Match is the key for the indicated session. It need not be aligned,
but it must be table->match_n_vectors*16 octets in length. As a
courtesy, vnet_classify_add_del_session applies the table's mask to
the stored key-value. In this way, one can create a session by passing
unmasked (packet_data + offset) as the "match" parameter, and end up
with unconfusing session keys. 

Specific classifier client nodes - for example,
.../vnet/vnet/classify/ip_classify.c - interpret the per-session
hit_next_index parameter as a vpp graph-node next index. When packet
classification produces a match, ip_classify_inline sends packets to
the indicated disposition.

ip4/6_classify place the per-session opaque_index parameter into
vnet_buffer(b)->l2_classify.opaque_index; a slight misnomer, but
anyhow classifier applications can send session-hit packets to
specific graph nodes, with useful values in buffer metadata. Depending
on the required semantics, we send known-session traffic to a certain
node, with e.g. a session pool index in buffer metadata. It's totally
up to the control-plane and the specific use-case.

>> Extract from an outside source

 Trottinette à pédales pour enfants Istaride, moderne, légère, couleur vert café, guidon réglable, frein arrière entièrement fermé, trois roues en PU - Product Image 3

Finally, nodes such as ip4/6-classify apply the advance parameter as a
[signed!] argument to vlib_buffer_advance(...); to "consume" a
networking layer. Example: if we classify incoming tunneled IP packets
by (inner) source/dest address and source/dest port, we might choose
to decapsulate and reencapsulate the inner packet. In such a case,
program the advance parameter to perform the tunnel decapsulation, and
program next_index to send traffic to a node which uses
e.g. opaque_index to output traffic on a specific tunnel interface.